Available data:

——

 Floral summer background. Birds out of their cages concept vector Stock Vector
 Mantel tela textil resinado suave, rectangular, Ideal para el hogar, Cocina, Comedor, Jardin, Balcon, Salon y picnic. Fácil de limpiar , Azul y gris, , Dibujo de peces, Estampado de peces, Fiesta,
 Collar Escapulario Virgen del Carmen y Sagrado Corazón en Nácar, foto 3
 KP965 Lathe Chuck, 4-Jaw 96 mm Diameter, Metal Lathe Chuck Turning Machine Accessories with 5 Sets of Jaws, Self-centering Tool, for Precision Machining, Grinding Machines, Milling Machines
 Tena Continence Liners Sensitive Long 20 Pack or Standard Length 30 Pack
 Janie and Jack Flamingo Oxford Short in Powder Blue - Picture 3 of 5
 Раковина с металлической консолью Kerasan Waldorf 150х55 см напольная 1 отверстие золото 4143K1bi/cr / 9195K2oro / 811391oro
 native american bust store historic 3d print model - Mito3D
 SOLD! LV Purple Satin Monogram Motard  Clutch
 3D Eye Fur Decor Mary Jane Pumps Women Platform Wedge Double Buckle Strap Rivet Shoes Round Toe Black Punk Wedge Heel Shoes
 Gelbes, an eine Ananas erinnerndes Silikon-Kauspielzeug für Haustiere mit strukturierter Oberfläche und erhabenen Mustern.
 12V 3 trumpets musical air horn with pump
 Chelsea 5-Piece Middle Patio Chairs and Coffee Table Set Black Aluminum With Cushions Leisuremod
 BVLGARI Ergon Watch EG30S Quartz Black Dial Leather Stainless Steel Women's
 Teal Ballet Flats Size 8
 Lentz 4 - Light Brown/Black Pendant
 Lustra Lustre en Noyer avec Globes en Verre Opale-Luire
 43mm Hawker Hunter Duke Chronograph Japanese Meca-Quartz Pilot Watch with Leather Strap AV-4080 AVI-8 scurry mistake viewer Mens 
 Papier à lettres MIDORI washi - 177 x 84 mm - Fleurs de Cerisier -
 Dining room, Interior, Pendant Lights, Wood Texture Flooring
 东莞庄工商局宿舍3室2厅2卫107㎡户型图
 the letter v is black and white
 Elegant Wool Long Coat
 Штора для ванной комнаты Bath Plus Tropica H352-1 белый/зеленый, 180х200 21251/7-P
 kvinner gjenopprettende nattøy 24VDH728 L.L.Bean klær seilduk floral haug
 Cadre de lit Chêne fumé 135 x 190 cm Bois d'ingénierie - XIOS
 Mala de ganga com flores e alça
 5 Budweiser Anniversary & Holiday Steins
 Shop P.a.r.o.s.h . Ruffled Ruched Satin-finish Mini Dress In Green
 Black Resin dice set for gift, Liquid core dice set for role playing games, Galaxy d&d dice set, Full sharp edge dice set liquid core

——

Exercise goal:
Please return all of the records exactly.

Response to this task:
 Floral summer background. Birds out of their cages concept vector Stock Vector
 Mantel tela textil resinado suave, rectangular, Ideal para el hogar, Cocina, Comedor, Jardin, Balcon, Salon y picnic. Fácil de limpiar , Azul y gris, , Dibujo de peces, Estampado de peces, Fiesta,
 Collar Escapulario Virgen del Carmen y Sagrado Corazón en Nácar, foto 3
 KP965 Lathe Chuck, 4-Jaw 96 mm Diameter, Metal Lathe Chuck Turning Machine Accessories with 5 Sets of Jaws, Self-centering Tool, for Precision Machining, Grinding Machines, Milling Machines
 Tena Continence Liners Sensitive Long 20 Pack or Standard Length 30 Pack
 Janie and Jack Flamingo Oxford Short in Powder Blue - Picture 3 of 5
 Раковина с металлической консолью Kerasan Waldorf 150х55 см напольная 1 отверстие золото 4143K1bi/cr / 9195K2oro / 811391oro
 native american bust store historic 3d print model - Mito3D
 SOLD! LV Purple Satin Monogram Motard  Clutch
 3D Eye Fur Decor Mary Jane Pumps Women Platform Wedge Double Buckle Strap Rivet Shoes Round Toe Black Punk Wedge Heel Shoes
 Gelbes, an eine Ananas erinnerndes Silikon-Kauspielzeug für Haustiere mit strukturierter Oberfläche und erhabenen Mustern.
 12V 3 trumpets musical air horn with pump
 Chelsea 5-Piece Middle Patio Chairs and Coffee Table Set Black Aluminum With Cushions Leisuremod
 BVLGARI Ergon Watch EG30S Quartz Black Dial Leather Stainless Steel Women's
 Teal Ballet Flats Size 8
 Lentz 4 - Light Brown/Black Pendant
 Lustra Lustre en Noyer avec Globes en Verre Opale-Luire
 43mm Hawker Hunter Duke Chronograph Japanese Meca-Quartz Pilot Watch with Leather Strap AV-4080 AVI-8 scurry mistake viewer Mens 
 Papier à lettres MIDORI washi - 177 x 84 mm - Fleurs de Cerisier -
 Dining room, Interior, Pendant Lights, Wood Texture Flooring
 东莞庄工商局宿舍3室2厅2卫107㎡户型图
 the letter v is black and white
 Elegant Wool Long Coat
 Штора для ванной комнаты Bath Plus Tropica H352-1 белый/зеленый, 180х200 21251/7-P
 kvinner gjenopprettende nattøy 24VDH728 L.L.Bean klær seilduk floral haug
 Cadre de lit Chêne fumé 135 x 190 cm Bois d'ingénierie - XIOS
 Mala de ganga com flores e alça
 5 Budweiser Anniversary & Holiday Steins
 Shop P.a.r.o.s.h . Ruffled Ruched Satin-finish Mini Dress In Green
 Black Resin dice set for gift, Liquid core dice set for role playing games, Galaxy d&d dice set, Full sharp edge dice set liquid core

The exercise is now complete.